--- WORK TO COMPLETE ---
Please produce an exact transcription of the lines from the one containing "ANAホールディングス株式会社 統合報告書 2025" through the last line of the entries, leaving out every picture.

● ● ●

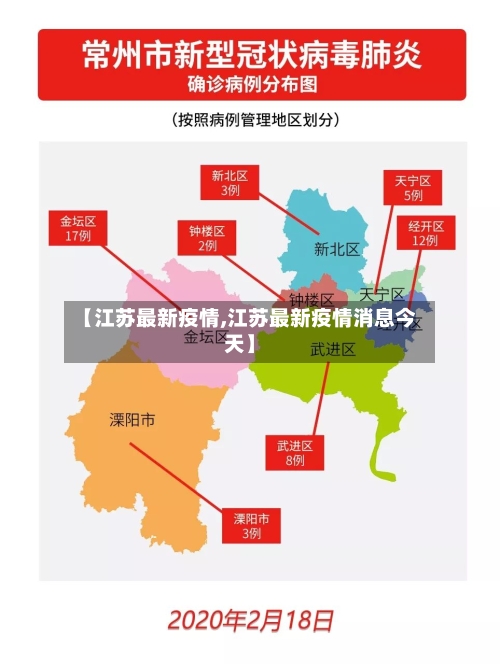 【江苏最新疫情,江苏最新疫情消息今天】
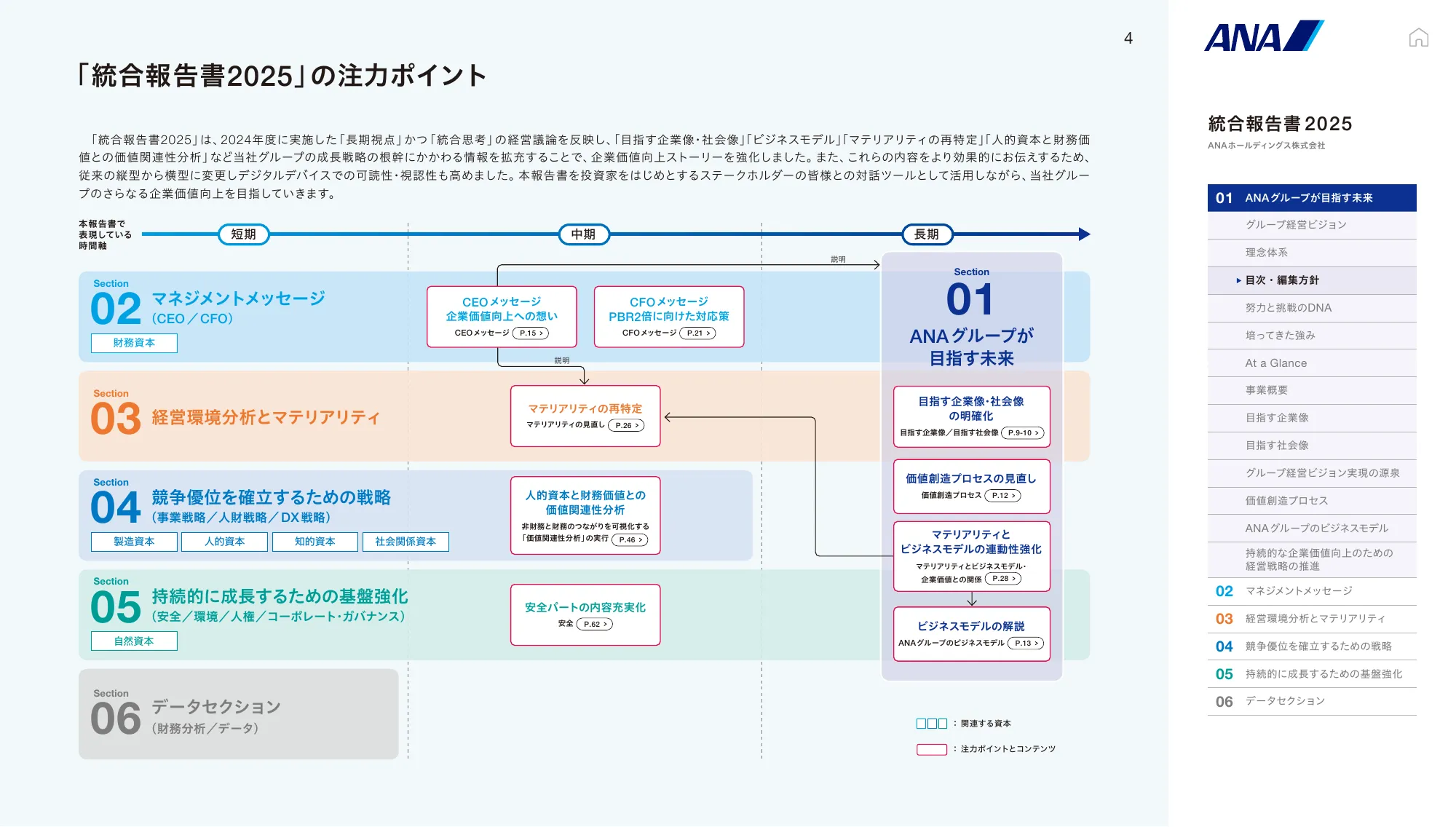 ANAホールディングス株式会社 統合報告書 2025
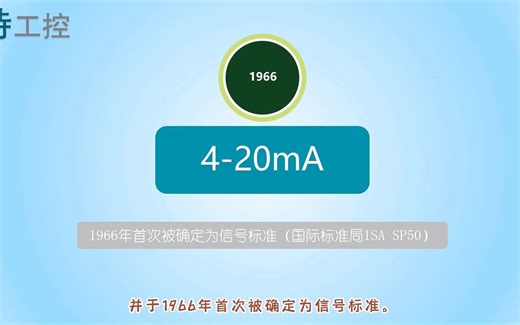 彻底讲清楚4-20mA信号的来龙去脉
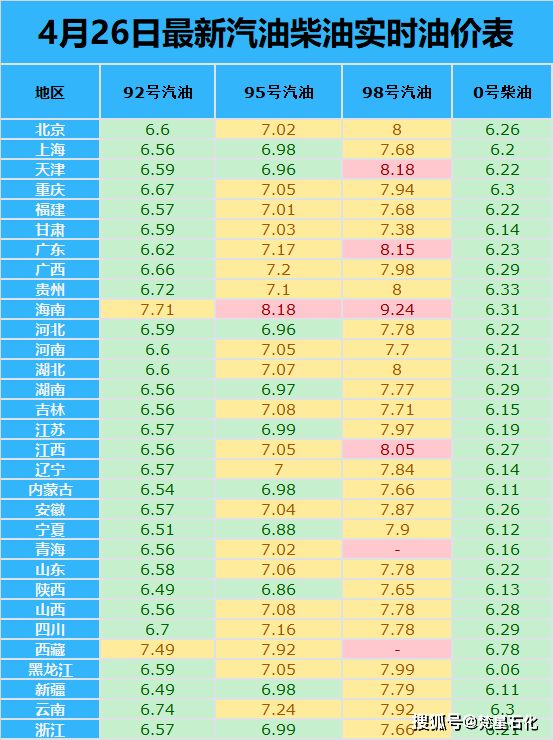 原创油价调整信息:今天4月26日,最新调价后加油站92,95号汽油价格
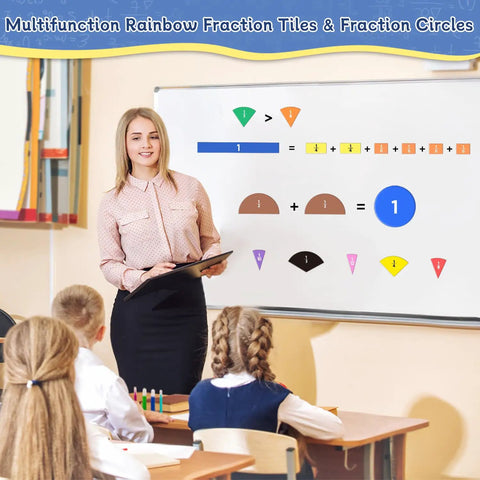 Teacher using Fraction Tiles And Circles Set For Homeroom Math Mastery in a 4th grade classroom with magnetic fractions on whiteboard.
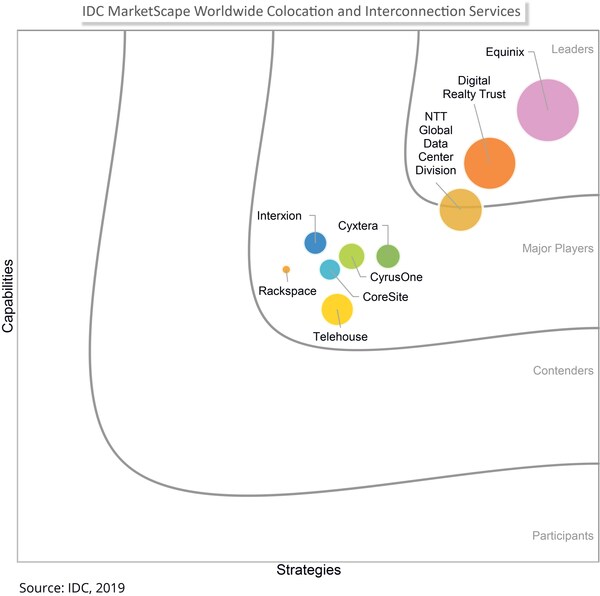 IDC MarketScape Worldwide Colocation and Interconnection Services- Source: IDC, 2019
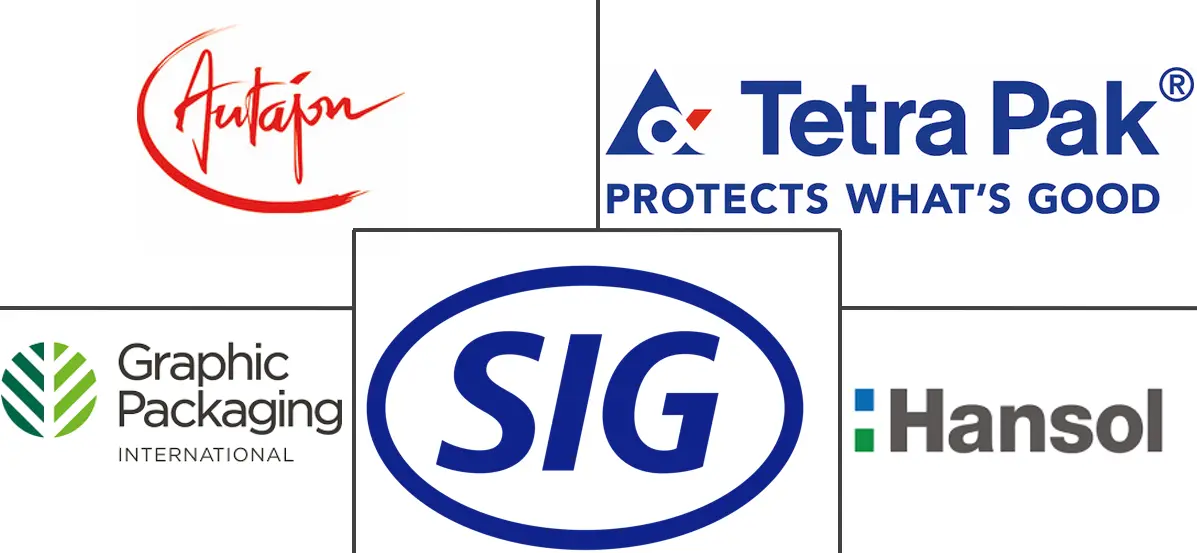 Major players in South Korea Cartonboard industry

● ● ●

--- RESPONSE TO THIS EXERCISE ---
 ANAホールディングス株式会社 統合報告書 2025
 彻底讲清楚4-20mA信号的来龙去脉
 原创油价调整信息:今天4月26日,最新调价后加油站92,95号汽油价格
 Teacher using Fraction Tiles And Circles Set For Homeroom Math Mastery in a 4th grade classroom with magnetic fractions on whiteboard.
 IDC MarketScape Worldwide Colocation and Interconnection Services- Source: IDC, 2019
 Major players in South Korea Cartonboard industry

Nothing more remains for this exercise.